Charlie’s brother Dan (Simon Rex of “Superhero Movie”) and Dan’s wife Jody (Ashley Tisdale of “Donnie Darko”) are awarded custody of Charlie’s children.  The Institute for Case Studies allows them to raise the siblings on the condition that Dan and Jody live in a palatial residence house.  As part of the deal, Dan and Jody get a hirsute Hispanic housekeeper, Maria (Lidia Porto of “Idiocracy”), who bears her Catholicism like a cross.  They also get a German shepherd police dog.  The superstitious Maria starts blessing the baby the  moment after Jody crosses the threshold with him.  Throughout these scenes, a grey-skinned hag in black apparel flits around in the background. The responsibility of raising his brother’s children prompts Dan to push himself harder at his job so he can impress his bosses.  Dan conducts research at a primate laboratory.  He has been carrying out an experiment on apes to ascertain their intelligence.  Naturally, all the apes turn into anti-social specimens, while one of them, Caesar, exhibits above-average intelligence.  Meanwhile, Jody aspires to be a ballerina like her mother who gave birth to her during a performance of Swan Lake.  At the same time, Jody’s friend Kendra Brooks (Erica Ash of “MADtv”) is competing for the role, while long time prima ballerina Heather Daltry (Molly Shannon of “Superstar”) launches a smear campaign against Jody.  Poor Dan runs into trouble galore at his laboratory.  Jody persuades the children to tell her about their mom who raised them in the wild until demons came along to possess her.  She found a mysterious tome that warned her not to recite its evil incantations.  At home, the demons possess the swimming pool droids and these nifty mechanical devices treat themselves to a pool party, snorting cleaning powder.

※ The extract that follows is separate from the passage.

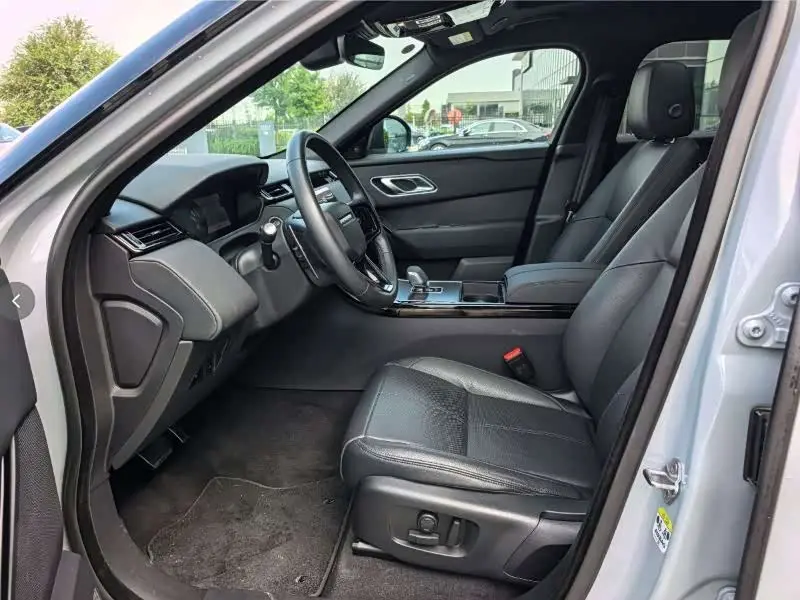Land Rover Range Rover Velar 2023 — Photo 8/13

This time around “Scary Movie 5” roasts not only the “Paranormal Activity” franchise, but also “Inception,” “Black Swan,” “Rise of the Planet of the Apes,” “Sinister,” Mama,” “A Cabin in the Woods,” and “Evil Dead.”  Mind you, I loved the “Paranormal Activity” franchise, and I laughed at the hilarious send-up that Lee and his scribes gave it, especially with the swimming pool droids.  The scenes that mocked “Evil Dead” are pretty funny, too.  Of course, you’ll have to endure the usual lowest common denominator bowel humor as well as assorted penis jokes.  The metaphorical montage of pseudo lesbian love scenes resembles the heterosexual hotdog scenes from “The Naked Gun” parodies.  Not surprisingly, Zucker and Proft were the geniuses behind that franchise, too.  Two last minute surprises will have you rolling.  First, you’ll realize why Snoop Dog wanted a yacht with a shark in its pool.  Second, you’ll discover that the narrator is more than just a guy who mimics Morgan Freeman.  Clocking in at a trim 85 minutes, “Scary Movie 5” doesn’t squander a second.  You should stick around for the amusing end credits and the outtakes that appear throughout them.